» **Your goal**
When the line with "un bâtiment d'hôtel" comes up, set it down and every later line to the end of the data, exactly and without pictures.

==== Data

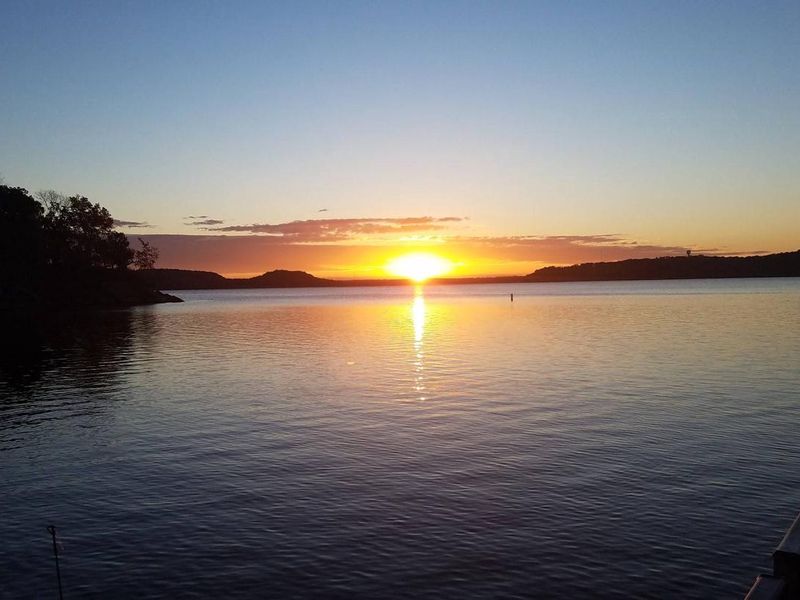 Sun Rising over Hawthorn Bluff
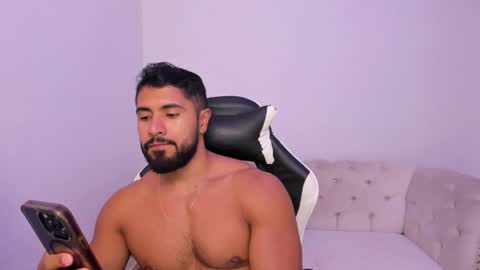 santiago_huntt online show from March 2, 7:54 pm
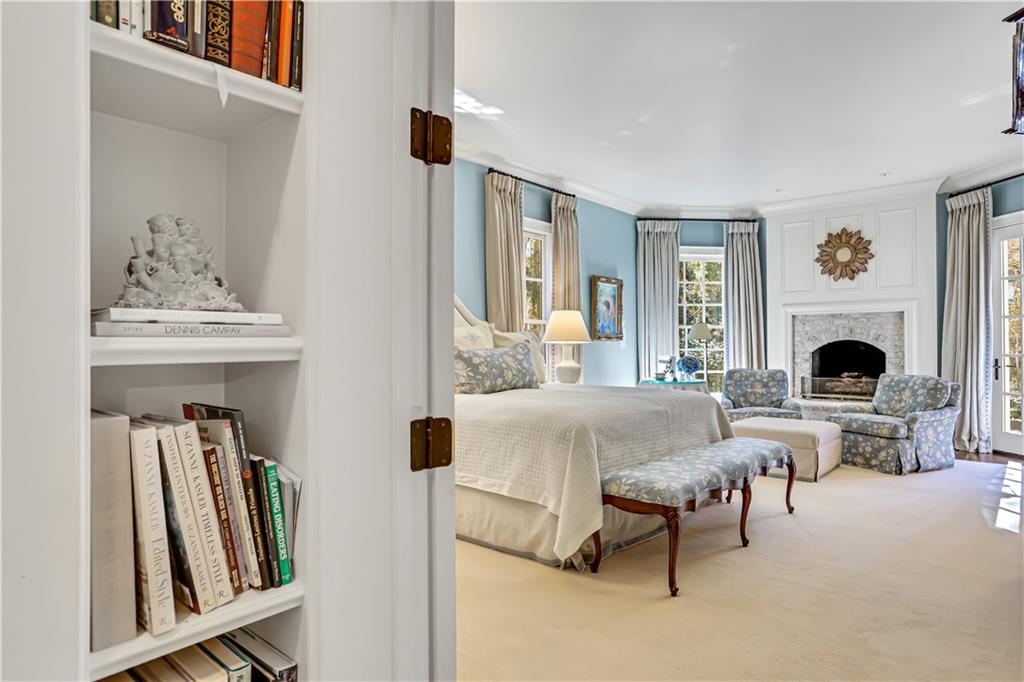 3241 Rilman Lake Court NW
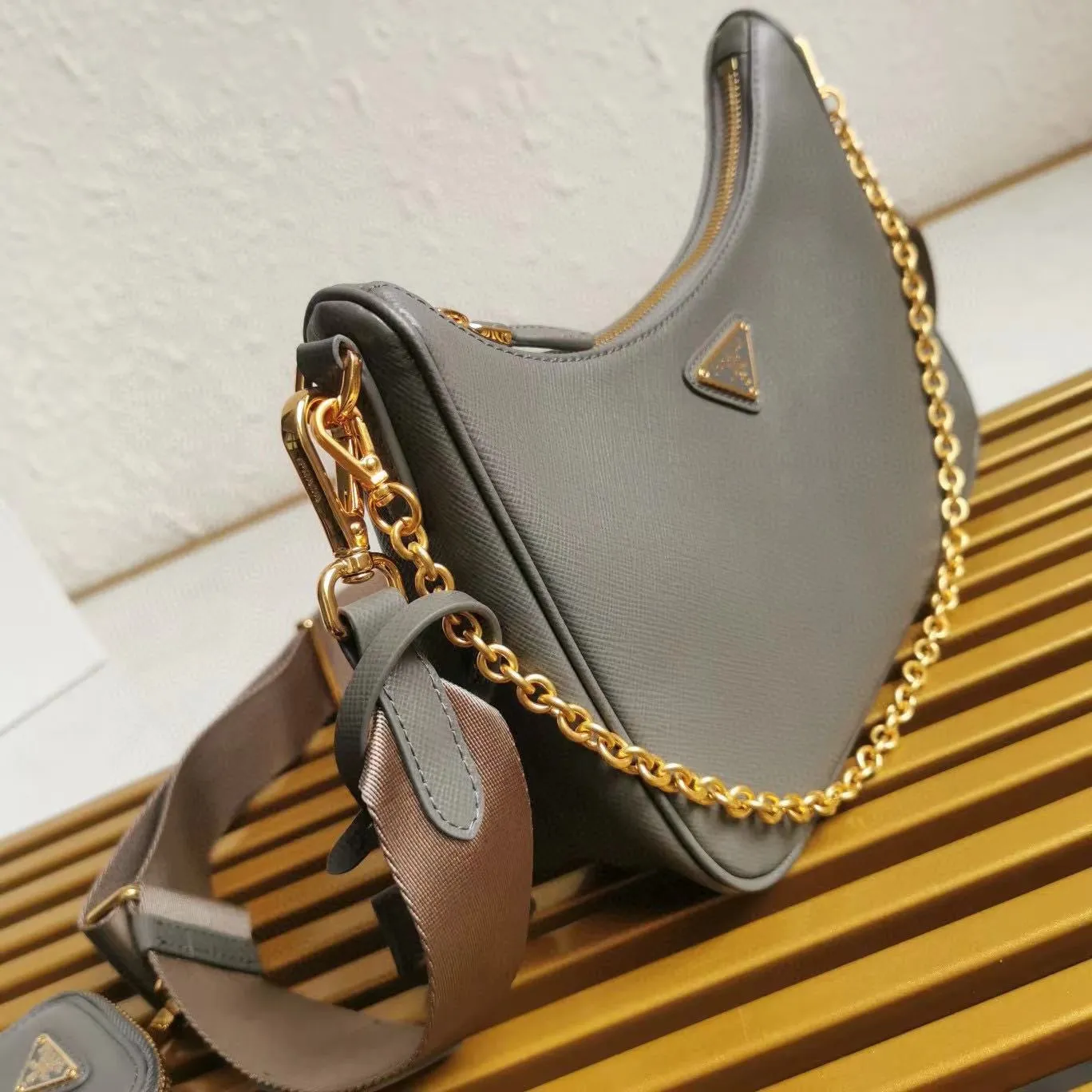 PD267 Padded Leather Prada Re-Edition 2005 Shoulder Bag / HIGHEST QUALITY VERSION / 8.6x7x2.5inch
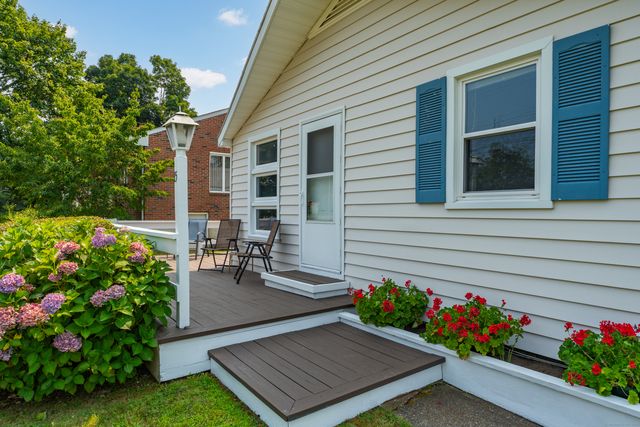 15 Washington Avenue, Old Lyme, CT 06371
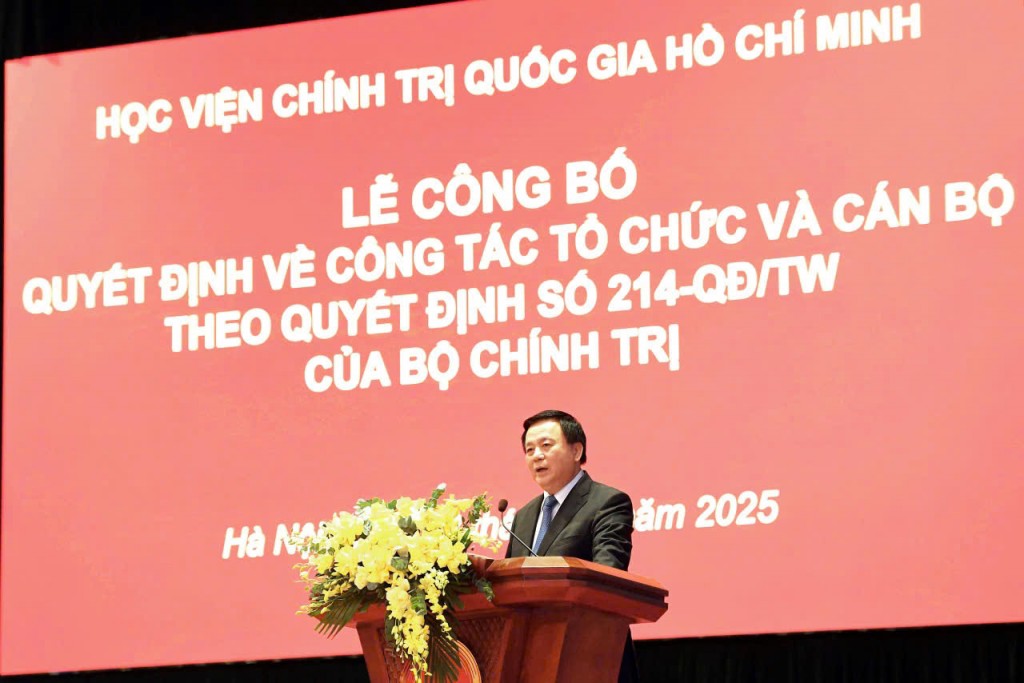 PGS.TS. Trần Thanh Giang được bổ nhiệm giữ chức Phó Giám đốc Học viện Hành chính và Quản trị công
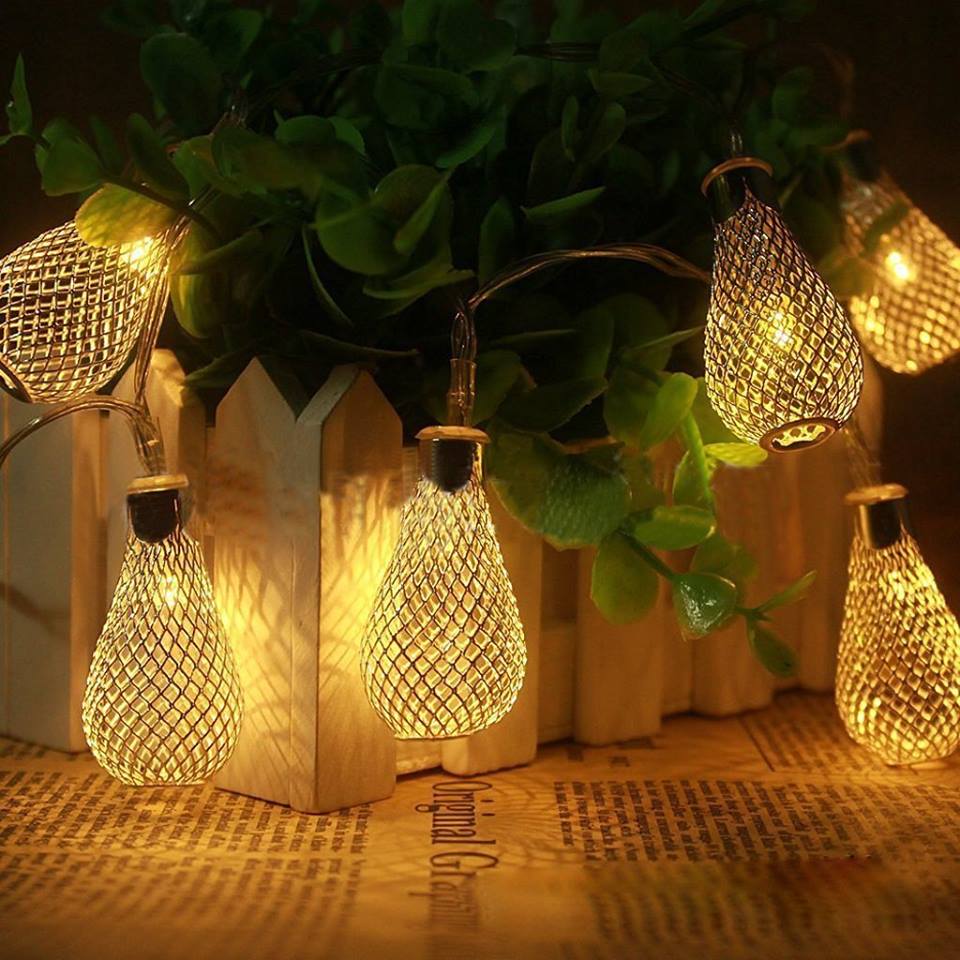 Amazing Waterdron White Led Light String To Decorate Outdoor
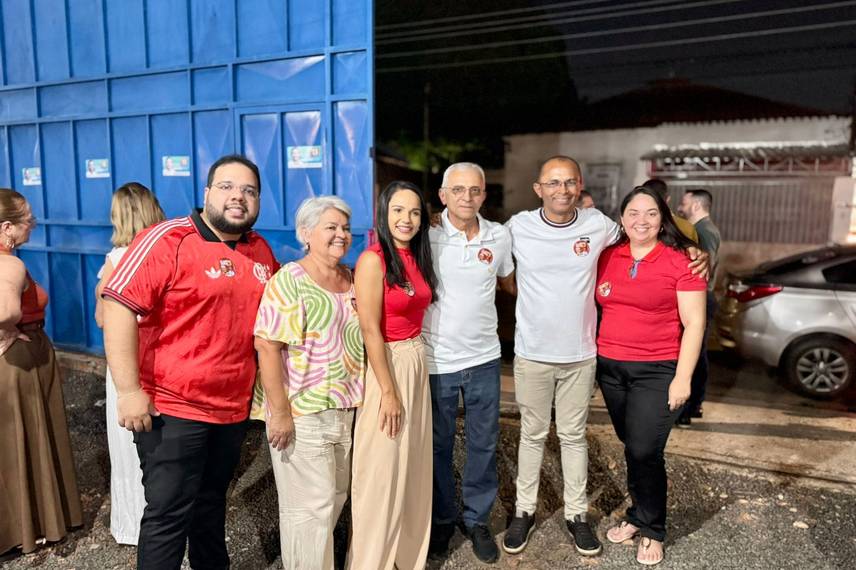 Candidato a prefeito de Ribeiro Gonçalves reúne centenas de apoiadores em Teresina Candidato a prefeito de Ribeiro Gonçalves reúne centenas de apoiadores em Teresina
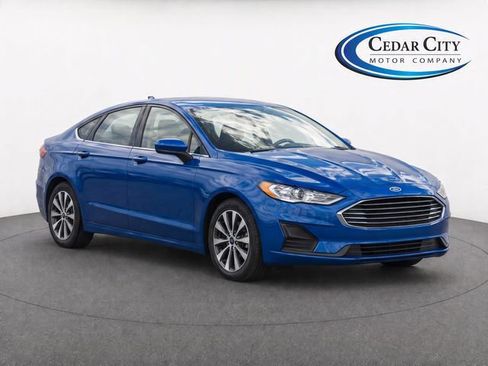 Used 2020 Ford Fusion SE AWD/4WD image 2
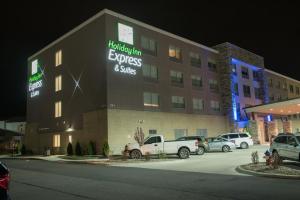 un bâtiment d'hôtel avec des voitures garées dans un parking dans l'établissement Holiday Inn Express & Suites - Merrillville, an IHG Hotel, à Merrillville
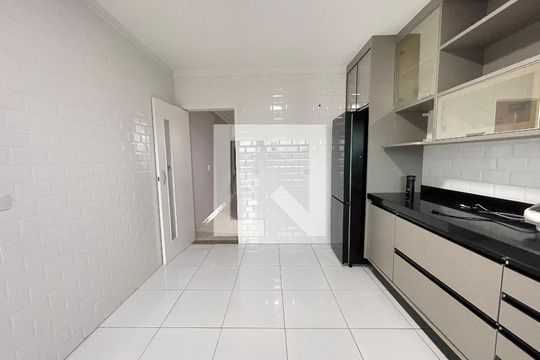 Cozinha de casa para alugar com 3 quartos, 170m² em Jardim Ester, São Paulo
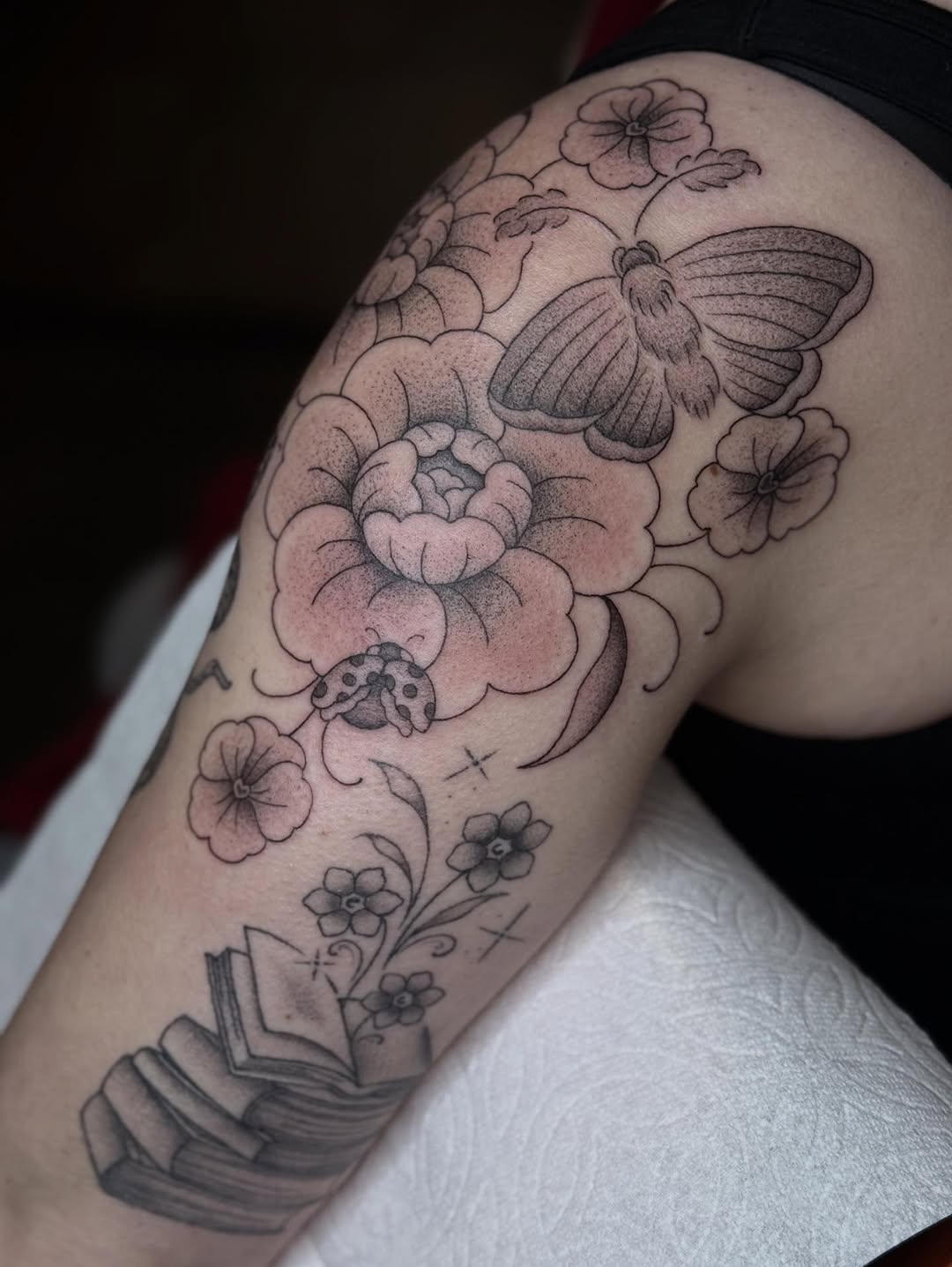 Tattoo by @mrschloeestrada — black_and_grey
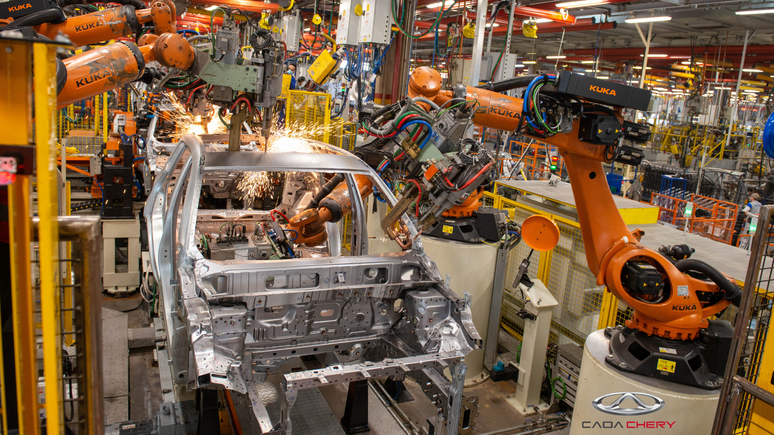 Fábrica de Jacareí será modernizada para produzir carros híbridos e elétricos.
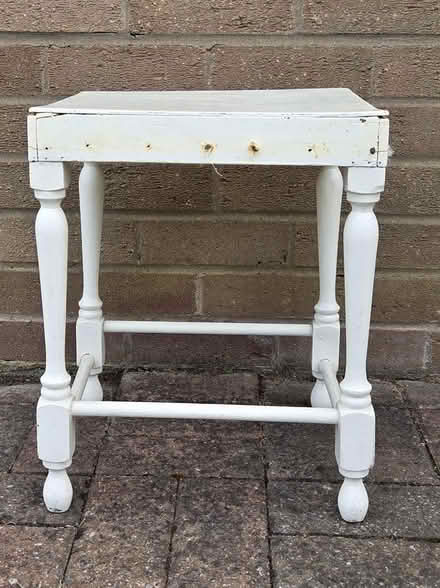 Photo of free Vintage Wooden Stool (Euxton PR7) #4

========

» **Exercise response**
 un bâtiment d'hôtel avec des voitures garées dans un parking dans l'établissement Holiday Inn Express & Suites - Merrillville, an IHG Hotel, à Merrillville
 Cozinha de casa para alugar com 3 quartos, 170m² em Jardim Ester, São Paulo
 Tattoo by @mrschloeestrada — black_and_grey
 Fábrica de Jacareí será modernizada para produzir carros híbridos e elétricos.
 Photo of free Vintage Wooden Stool (Euxton PR7) #4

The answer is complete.